• Material shown:
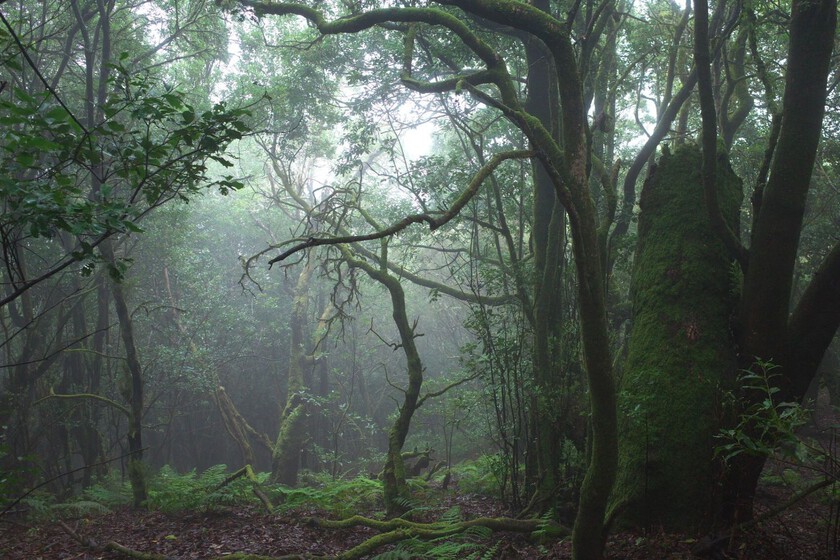 Parece la selva de Costa Rica, pero está en España. Esta isla de Canarias esconde un paraíso tropical Patrimonio de la Humanidad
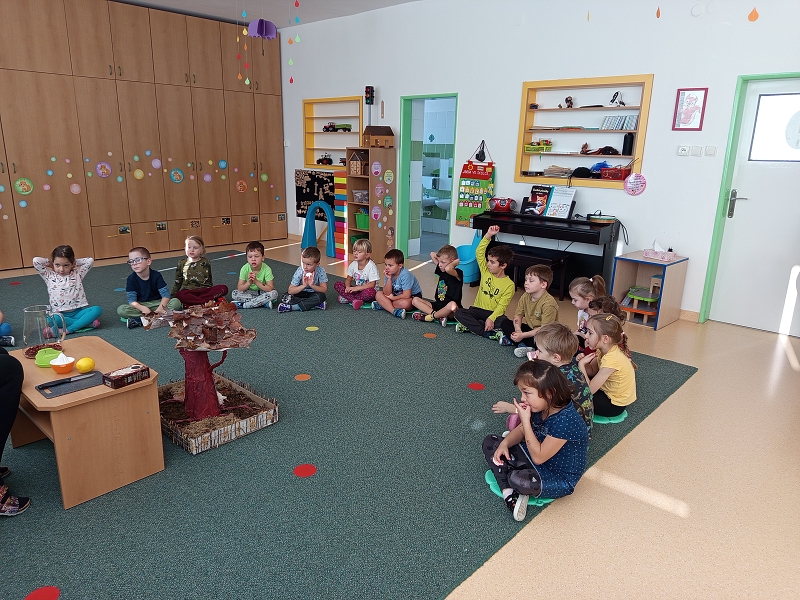 Jak jsme vařili Šíkový čaj ve třídě Veverek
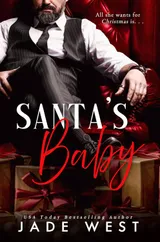 Cover of Santa's Baby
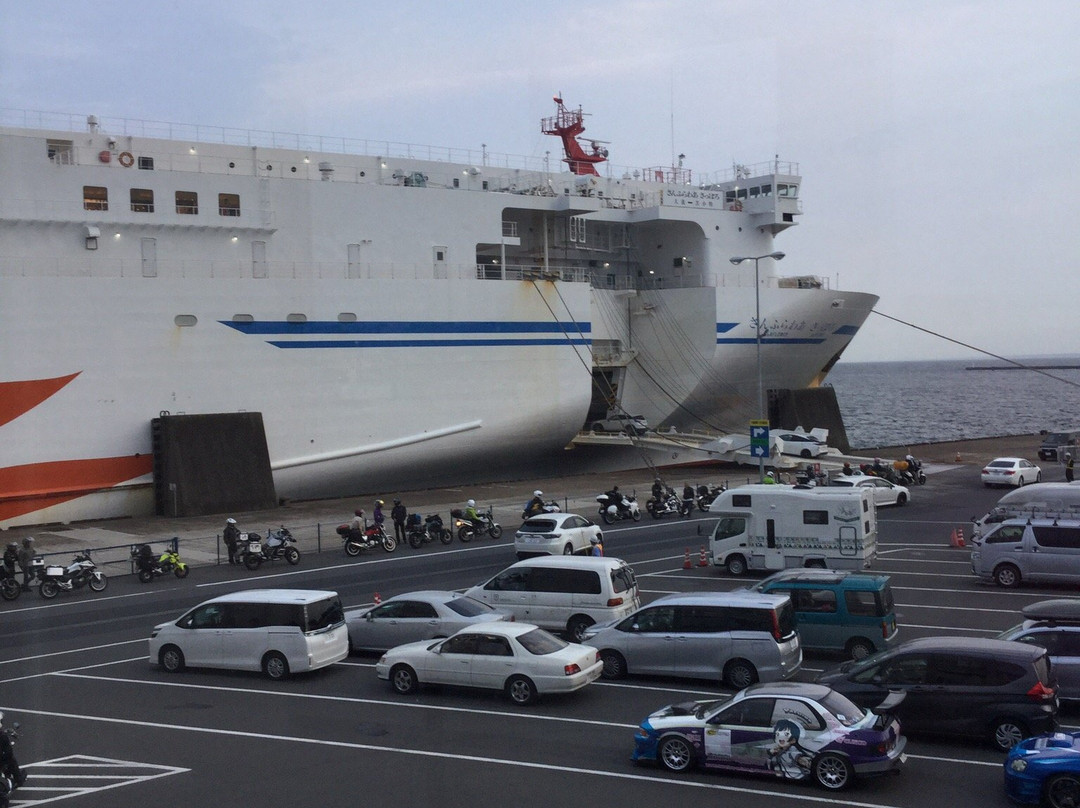 Mol Ferry Sunflower景点图片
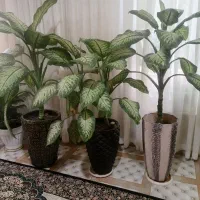 به علت بنایی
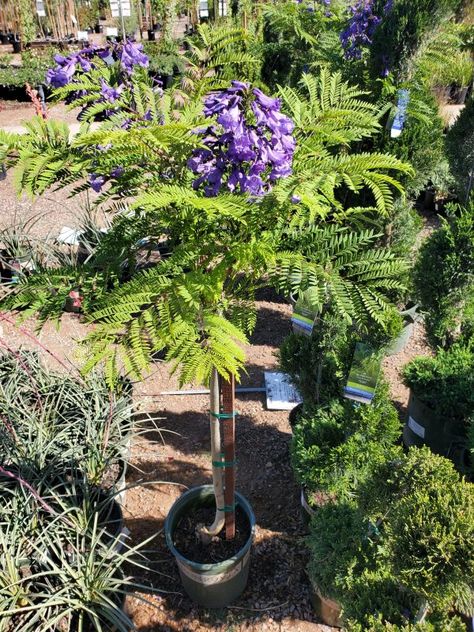 Blue Jacaranda, Side Garden, Bonsai Trees, Bonsai Tree, Backyard Ideas, Nurseries, Trees, Nursery, Sun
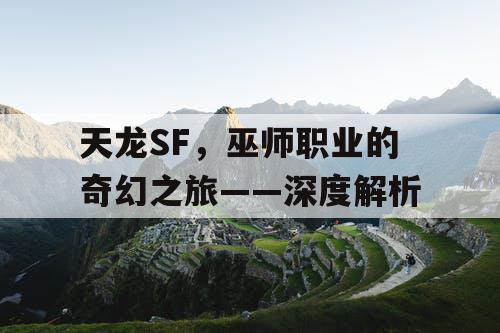 天龙SF，巫师职业的奇幻之旅——深度解析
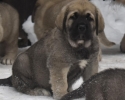 Španělský mastin- nabízíme štěňátka k odběru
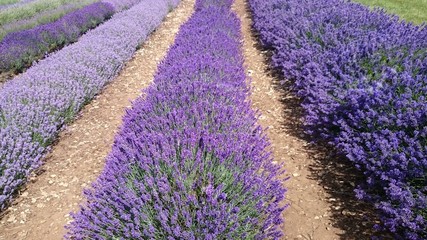 Fototapeta na wymiar Different types of lavender growing in the rows on lavender farm in Cotswolds, The United Kingdom 
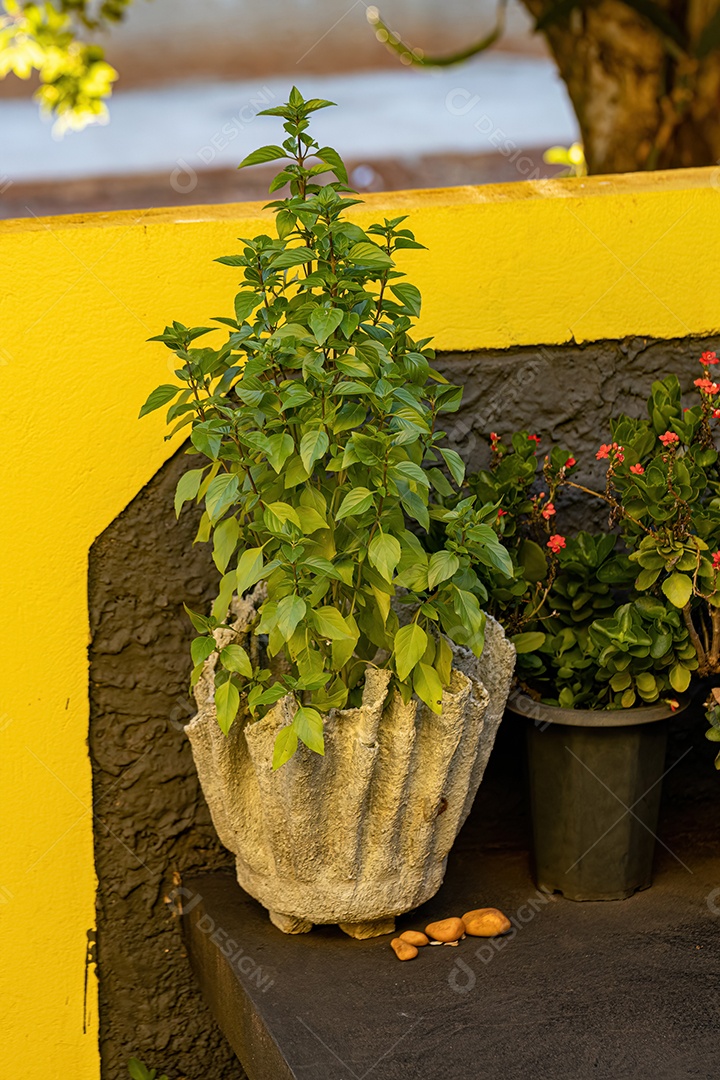 Manjericão Planta da espécie Ocimum basilicum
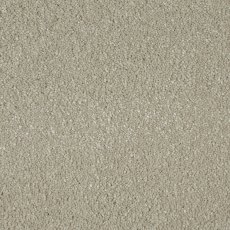 Rowston In Ammonite Carpet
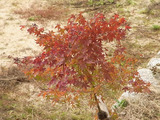 R0022617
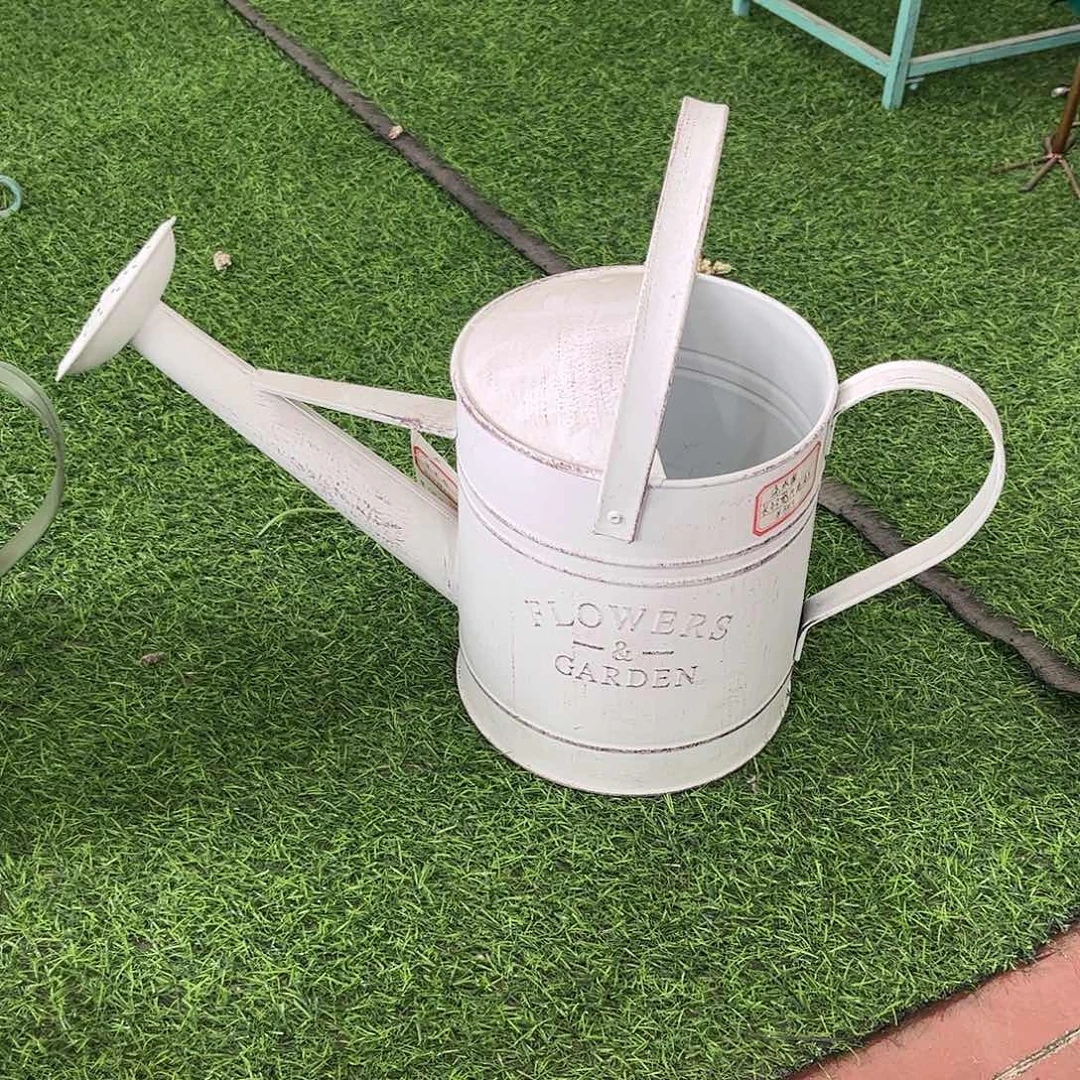 红陶20CM（含）-50CM（不含）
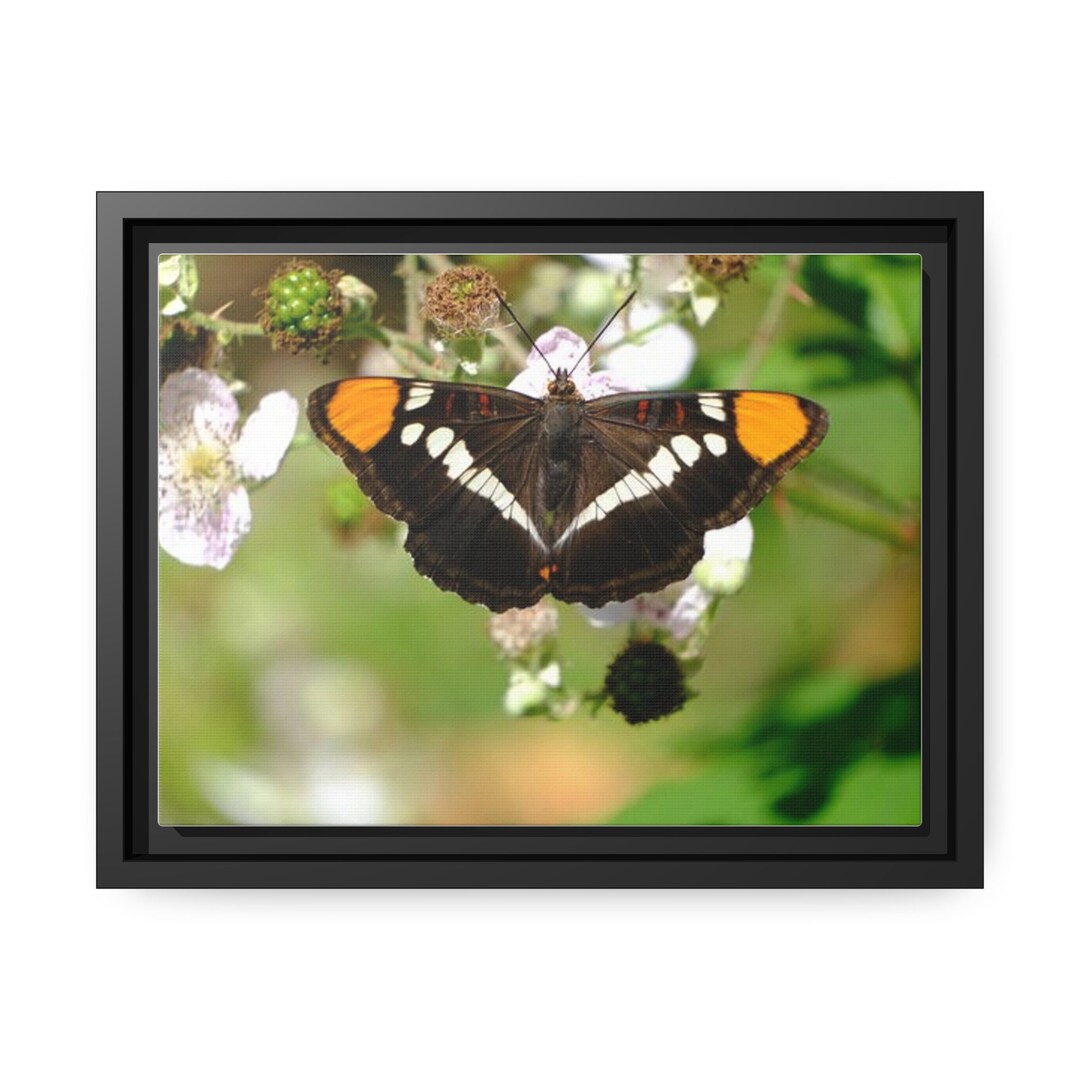 Black White and Orange Butterfly Photo, Butterfly Wall Art, Black and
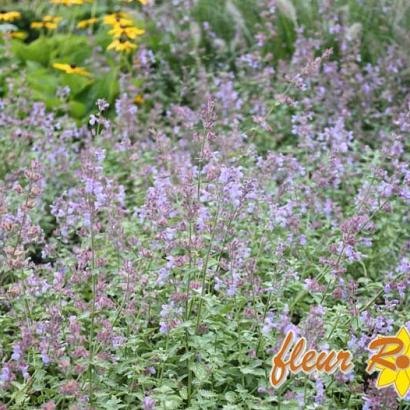 Nepeta 'Grol'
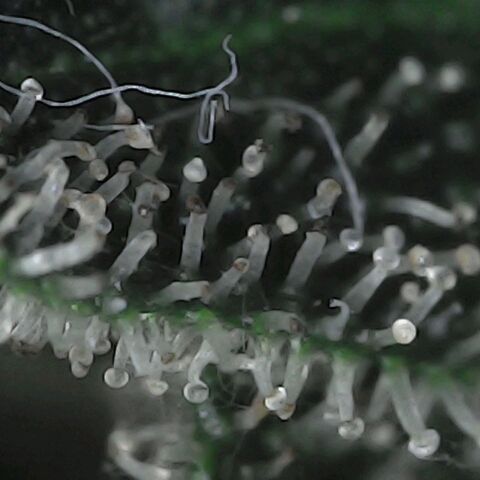 GG 1# growlog photo: Análise de Tricomas / início da secagem de 10 Dias. [Primeiro Dia]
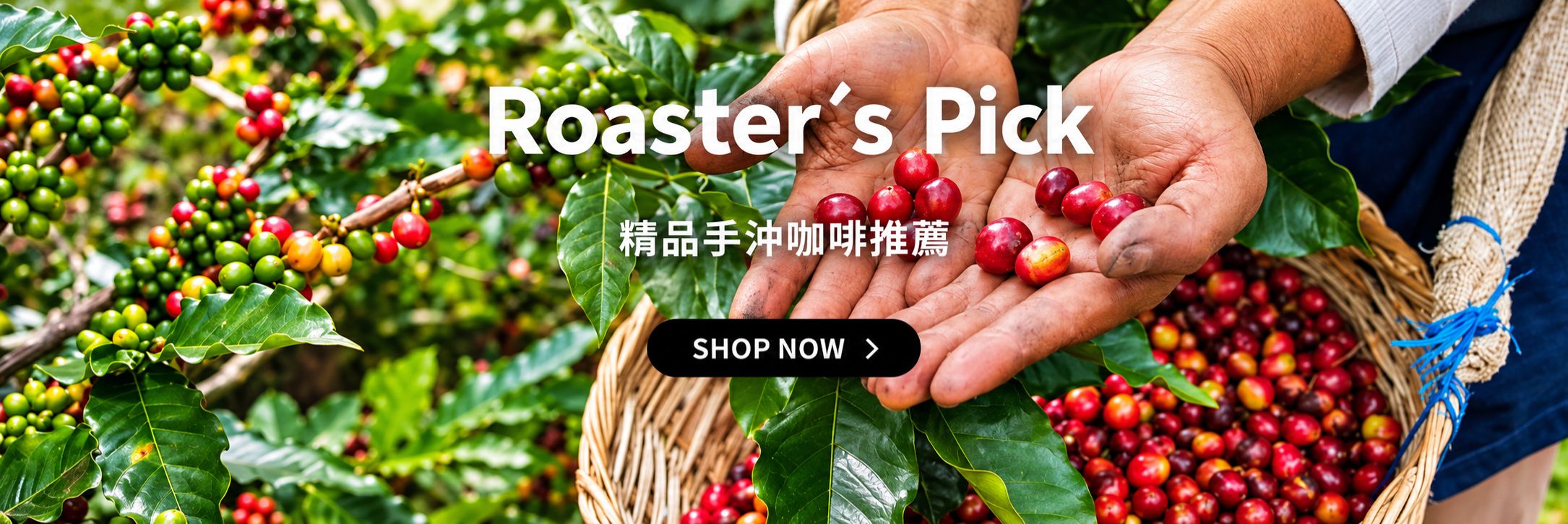shop now 豆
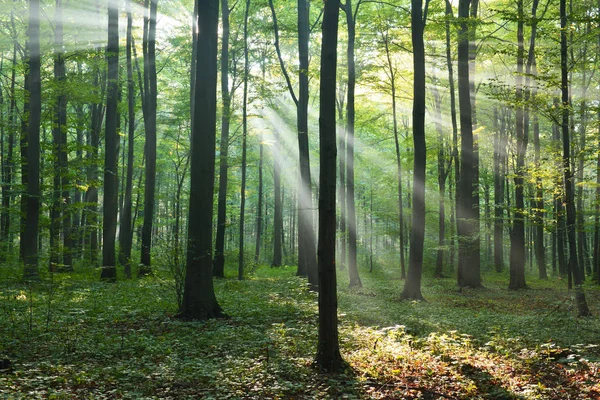 Vacker Morgon Med Solstrålar Skogen — Stockfoto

• Problem to work on: Copy all the lines of data exactly as they appear, dropping any images.

• Answer box:
 Parece la selva de Costa Rica, pero está en España. Esta isla de Canarias esconde un paraíso tropical Patrimonio de la Humanidad
 Jak jsme vařili Šíkový čaj ve třídě Veverek
 Cover of Santa's Baby
 Mol Ferry Sunflower景点图片
 به علت بنایی
 Blue Jacaranda, Side Garden, Bonsai Trees, Bonsai Tree, Backyard Ideas, Nurseries, Trees, Nursery, Sun
 天龙SF，巫师职业的奇幻之旅——深度解析
 Španělský mastin- nabízíme štěňátka k odběru
 Fototapeta na wymiar Different types of lavender growing in the rows on lavender farm in Cotswolds, The United Kingdom 
 Manjericão Planta da espécie Ocimum basilicum
 Rowston In Ammonite Carpet
 R0022617
 红陶20CM（含）-50CM（不含）
 Black White and Orange Butterfly Photo, Butterfly Wall Art, Black and
 Nepeta 'Grol'
 GG 1# growlog photo: Análise de Tricomas / início da secagem de 10 Dias. [Primeiro Dia]
shop now 豆
 Vacker Morgon Med Solstrålar Skogen — Stockfoto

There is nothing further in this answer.